I score low on many things in life, including mechanical aptitude. So when I share new discoveries, I often hear from others, “oh I’ve been doing that for 30 years.” I am willing to risk the humiliation, because I just used a product that I did not know existed until recently. Solder and seal connectors.

 

The concept is pretty simple: you twist together the wires for  whatever you’re connecting, slide the connector over the connected wires, and warm it with a heat gun. The solder ring melts and secures the electrical connection, and the tubing shrinks to create a waterproof splice. Easy and seemingly very effective. 
 

You may now start with the ridicule....

 

 

 

Afternoon Mike

 

No ridicule as a new find posted here is always something to think about & discuss further. 

 

We had a vendor try to sell us (either that exact product or a very similar product) a few years ago. Our instrumentation department quickly talked us out of them due to some underlying issues. 

 

Those things are really no better then just twisting two wire ends together then soldering the twisted joint, then sliding heat shrink over the connection.
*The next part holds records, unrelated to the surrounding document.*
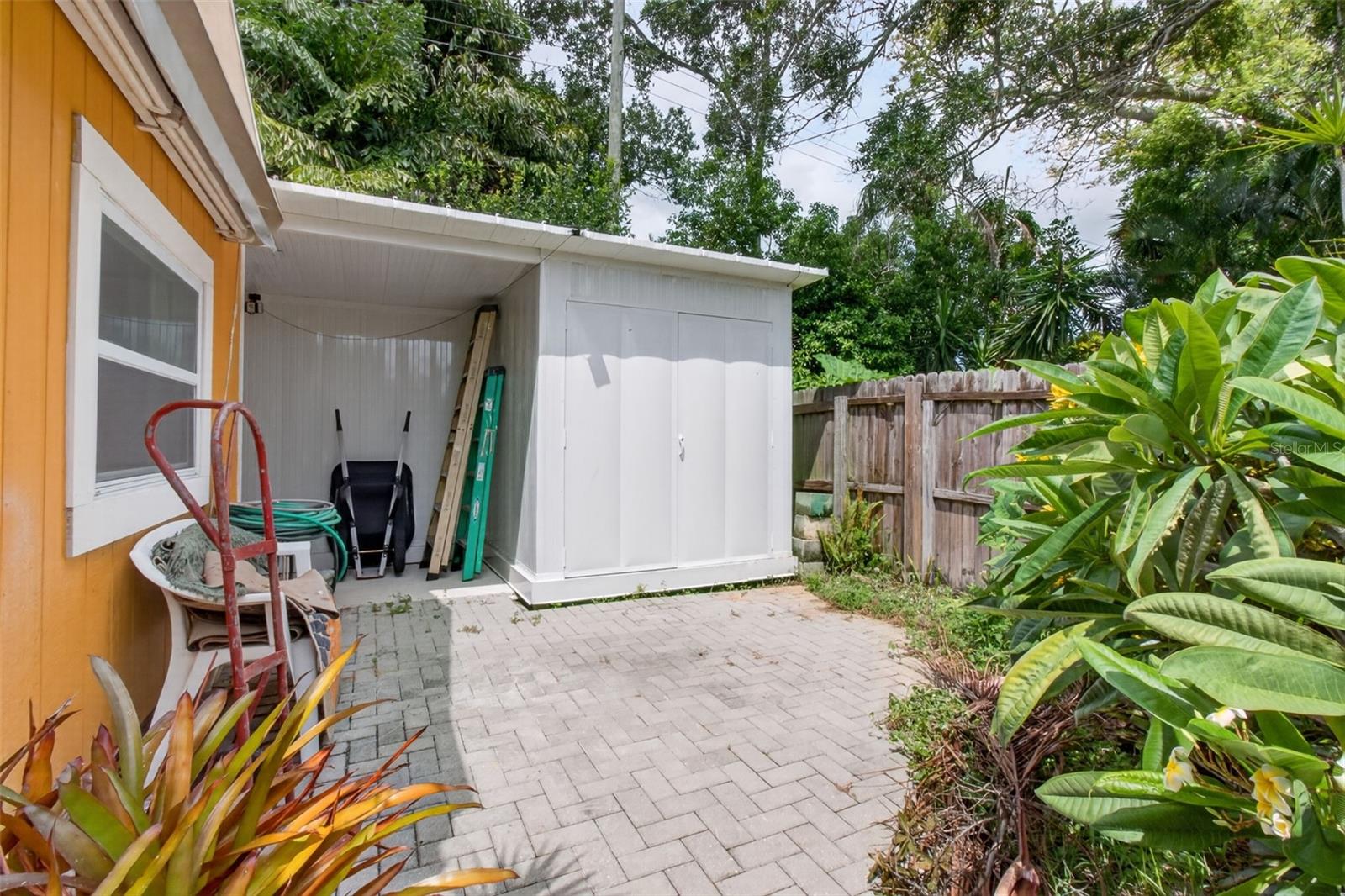 11420 OVAL DR W — photo 30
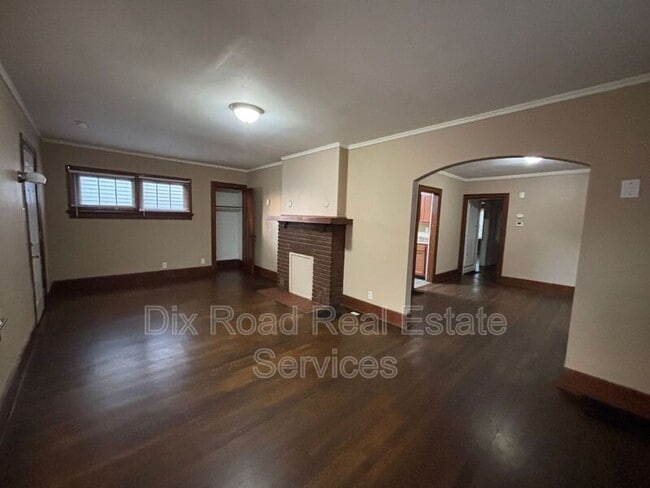 Building Photo - 916 Linden Ave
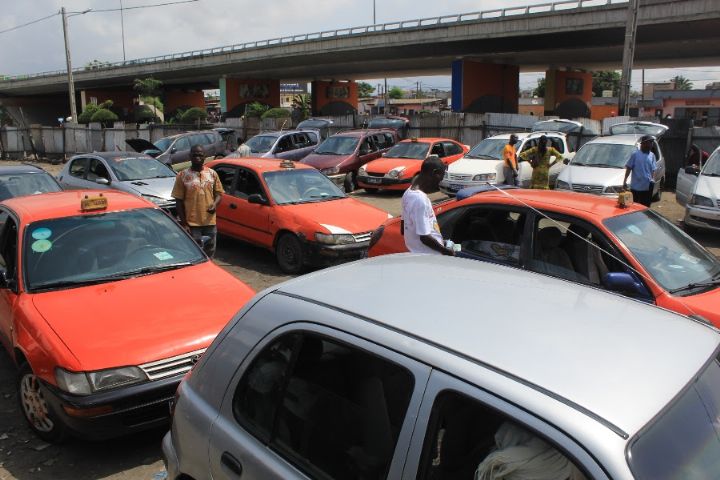 Côte d`Ivoire : le gouvernement suspend les inspecteurs du permis de conduire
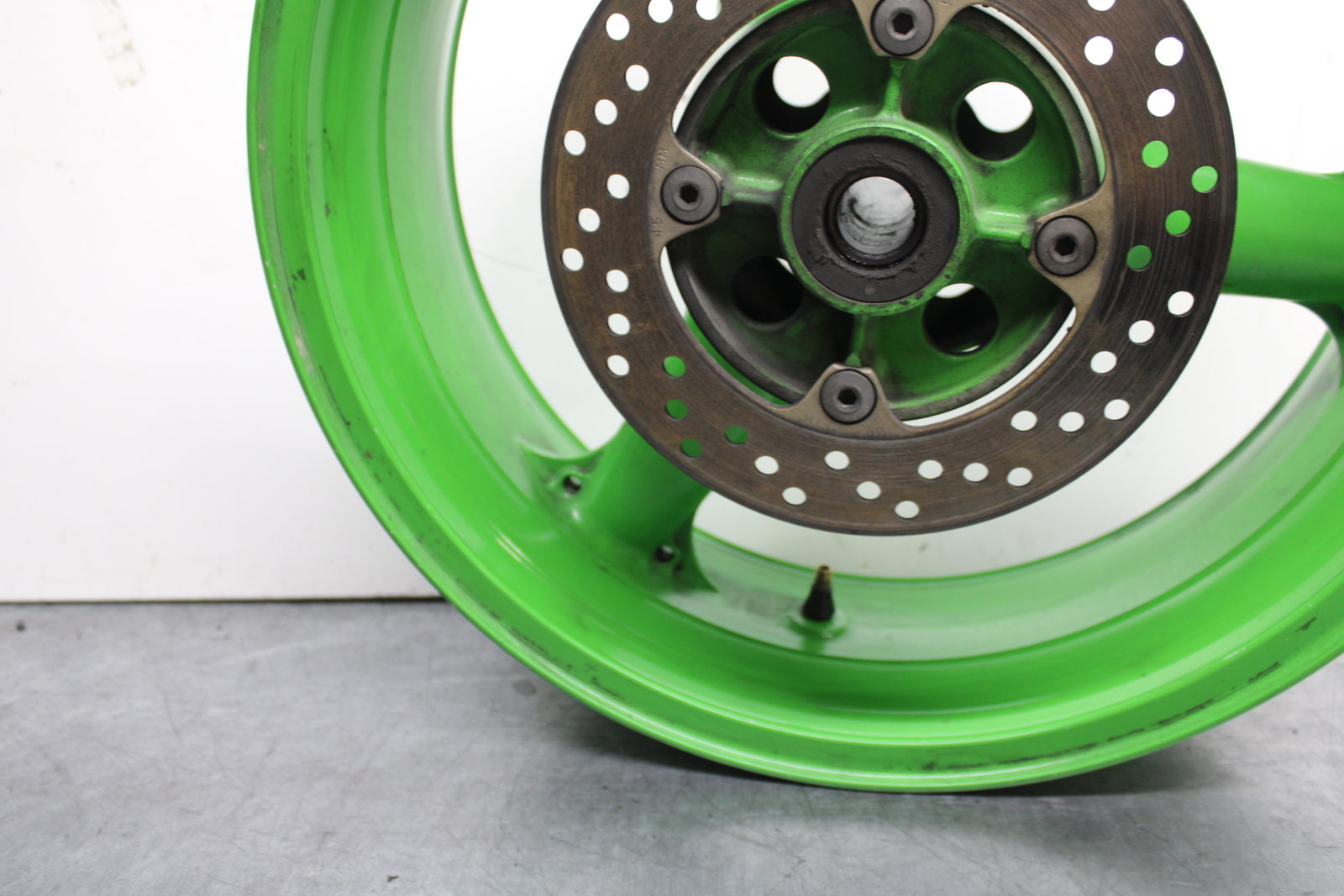00-02 KAWASAKI NINJA ZX6R REAR WHEEL BACK RIM BB750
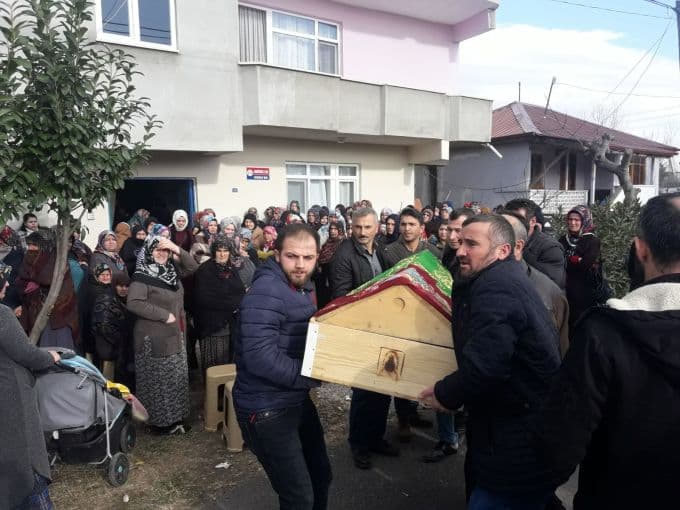Tüfekle ateş açtığı ablasını öldürdü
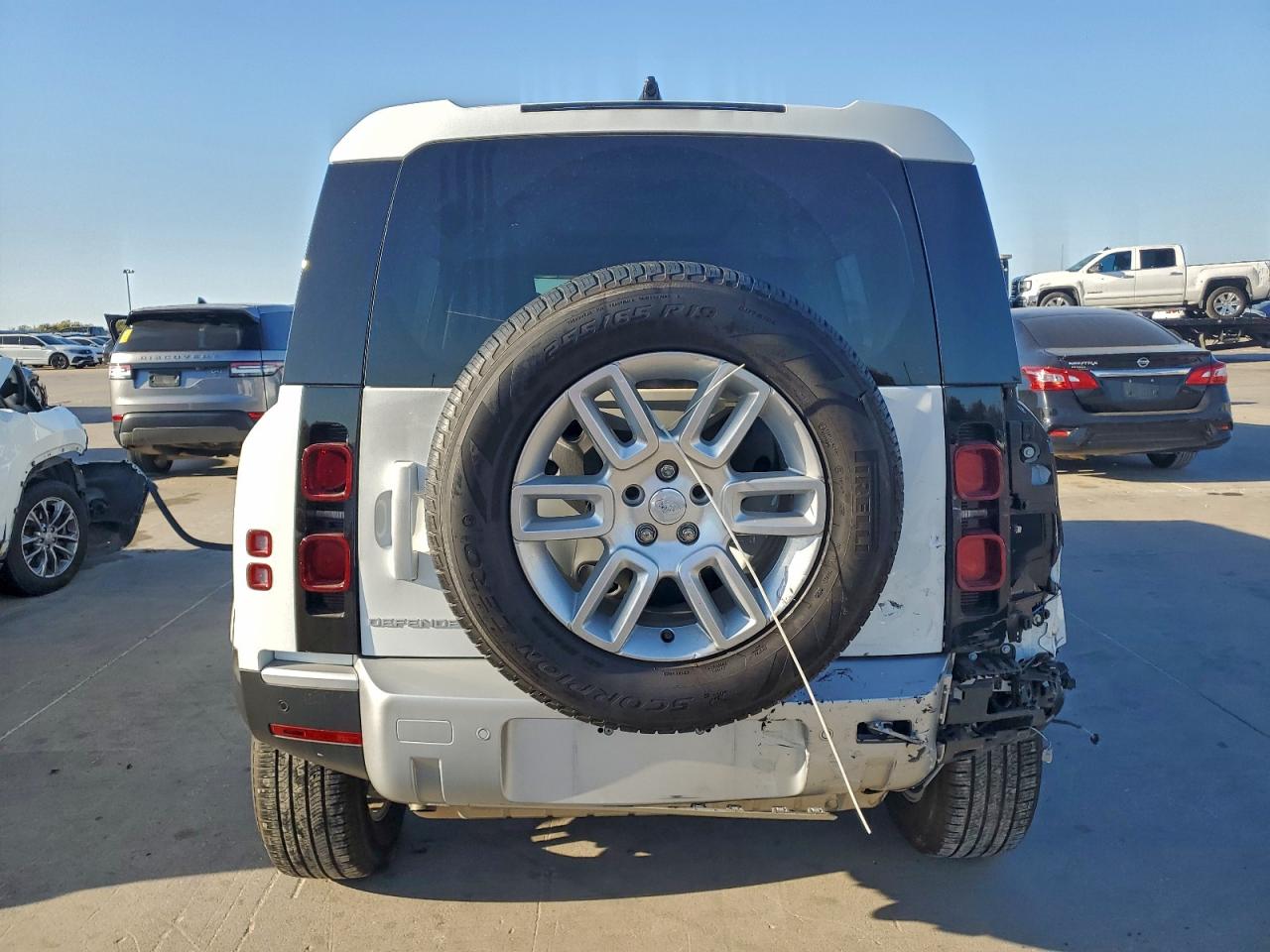 2024 Land Rover Defender 110 S VIN: SALEJ7EX9R2274647 Lot: 92290225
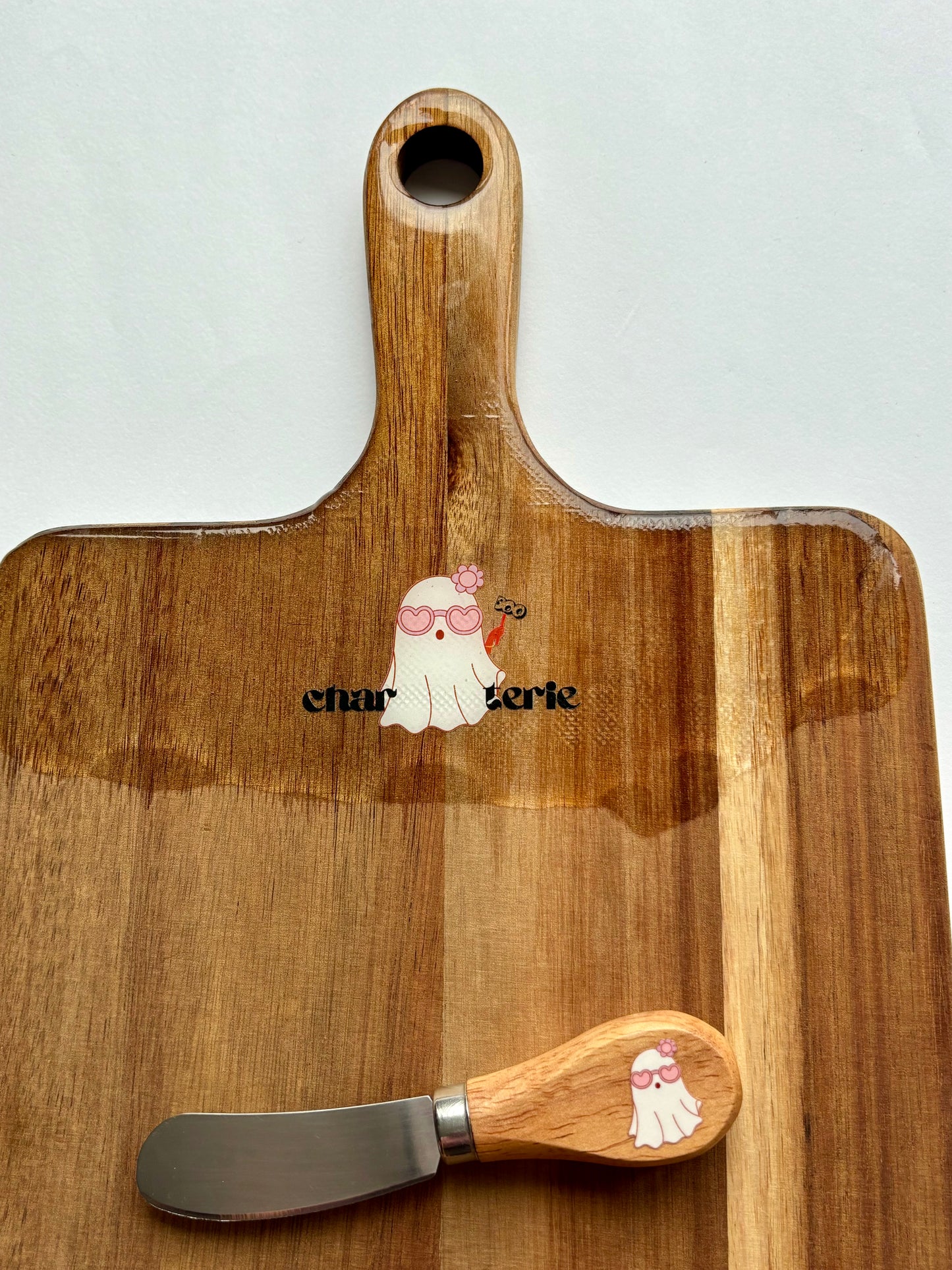 Char-BOO-Terie cutting board with cheese knife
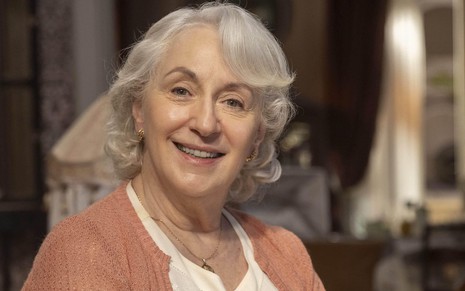 Lu Grimaldi interpreta Aurora na novela Êta Mundo Melhor!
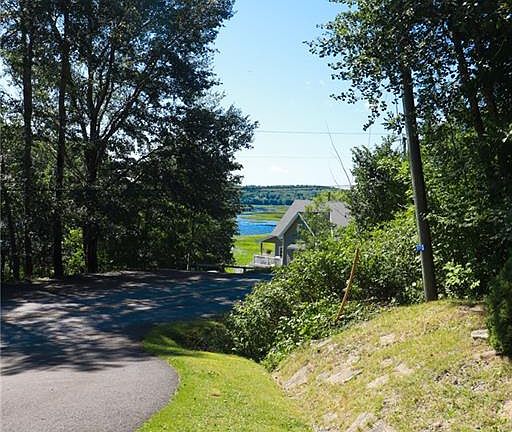 2nd image of 170 Norton Shore Rd
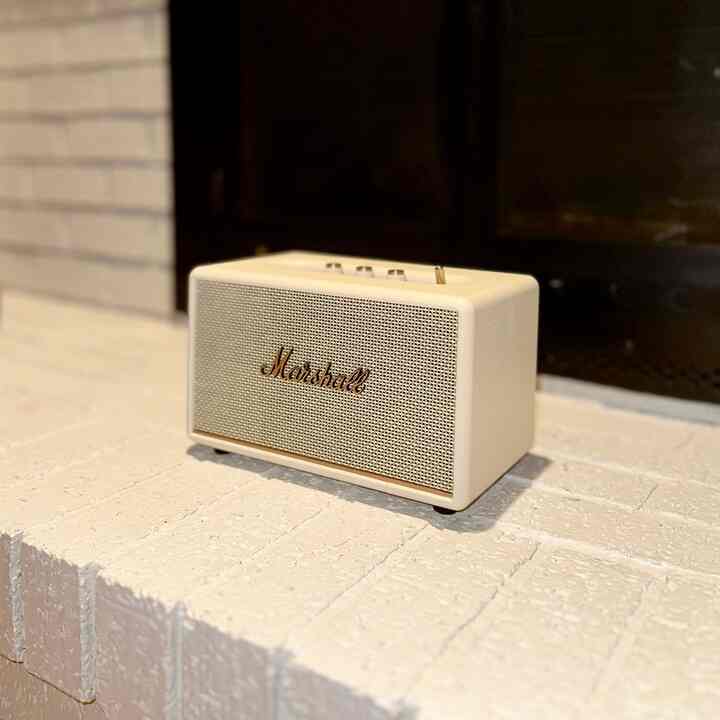 My favorite items lately…🥹🤍 with music, robot vacuum, and perfect kettle, everything is perfect 🪽

#kitcheninterior #kitchen #kitchendecoration #kitchendecoration #diningtable #diningroom #diningroominterior #musthave #roboticvacuum #Robotvacuumcleanerrecommendations #roborock #speaker #music #coffeecup #coffeemachine #coffeetime #coffeetable 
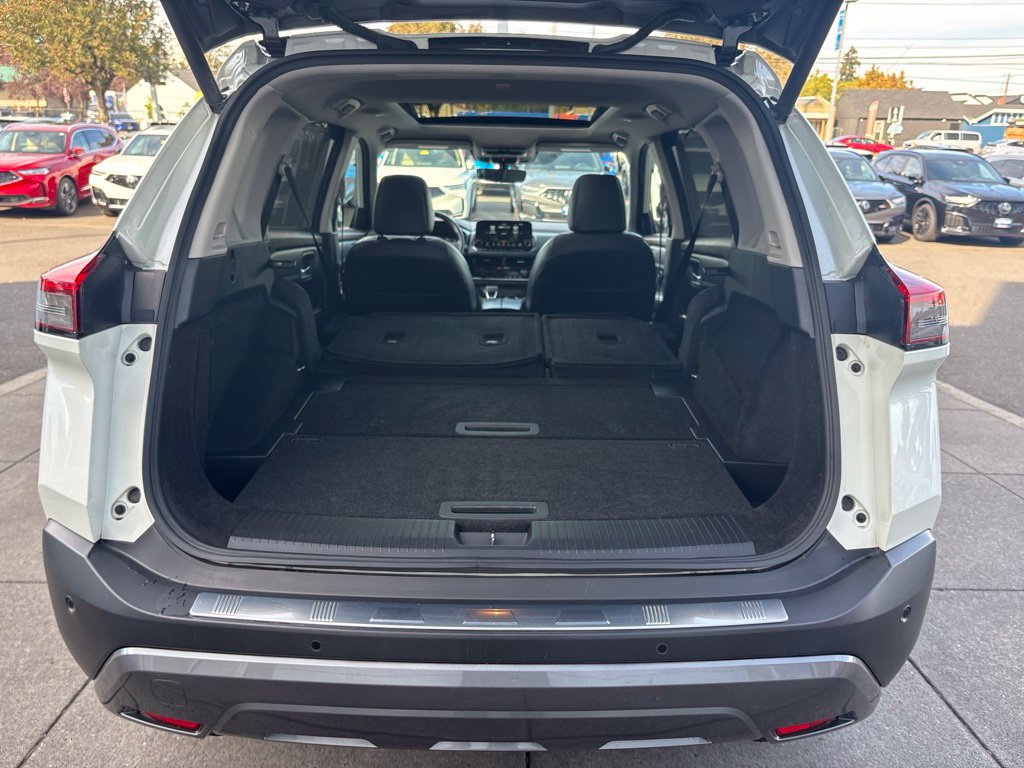 Used 2023 Nissan Rogue SL w/ SL Premium Package AWD/4WD image 32
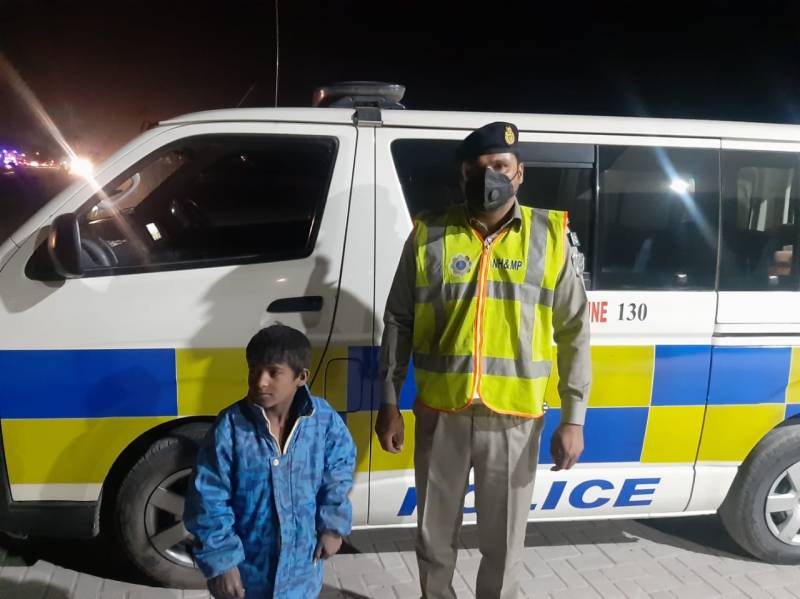 موٹروے پولیس نے 5 سالہ گونگے بہرے بچےکو والدین سے ملوا دیا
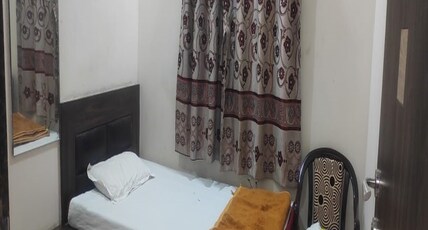 Narayan Guest House Room Type - Deluxe AC Room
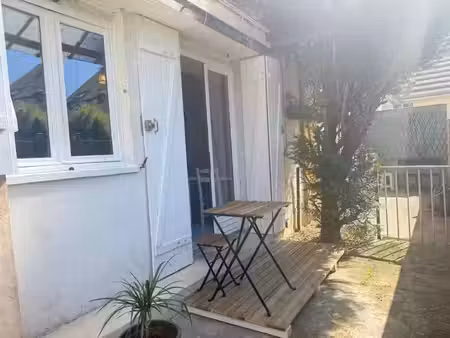 location meublée appartement 1 pièce 19.2 m² à bures-sur-yvette (91440)  595 €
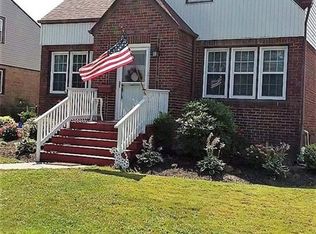 192 Lowell Rd, Buffalo, NY 14217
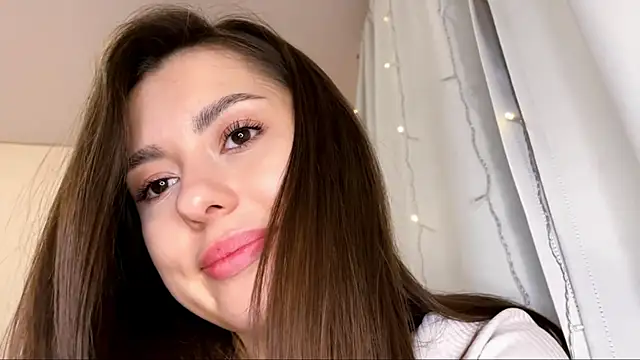 AlveraCappola online show from October 14, 7:27 pm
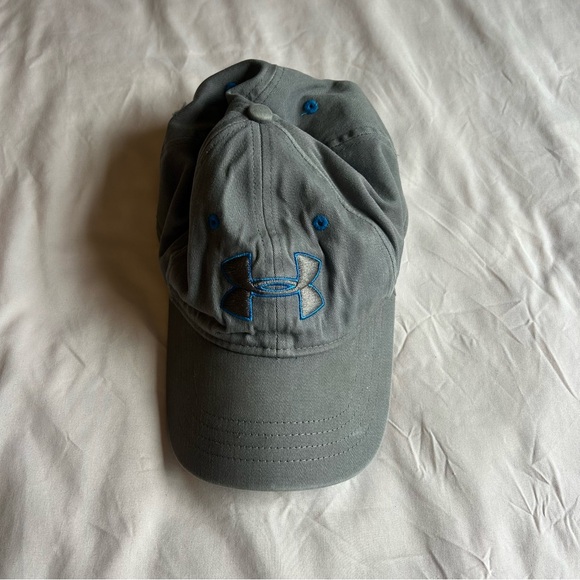 Under Armour Gray Hat with Blue Logo - Size M/L - Picture 1 of 5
As was pointed out by our instrumentation department they are even worse than twisting the wires together then soldering as there is no visual way to confirm proper solder penetration & the solider itself  is rather low melting temperature.

 

I guess I don't see the advantage to using a marginal solder joint connector that uses an unverified solder connection & heat shrink all in one. 

 

It seems like a much more secure (& verifiable) to just twist the wire ends together, solder, then use heat shrink over the joint. (personally I won't even do that as I hate plain twisted wires with no splice clip as a securing band )

 

Where I work we can't just twist wires together & solder as that is considered poor  joint  integrity  so all wire joints must be joined with a properly crimped splice clip, then properly soldered (& visually verified),  then covered with sealing type heat shrink (this is positively needed for ABS brake wiring repair, Air Bag wiring repair, inertia sensor wiring repair & all other circuits that are a critical circuit for safety or performance.  

 

Even for a quick field fix those seem to be a sort of a non player as you need a high temp heat gun to make them work. A simple splice clip, crimper tool & a cigarette lighter to shrink the heat shrink would be handier to carry.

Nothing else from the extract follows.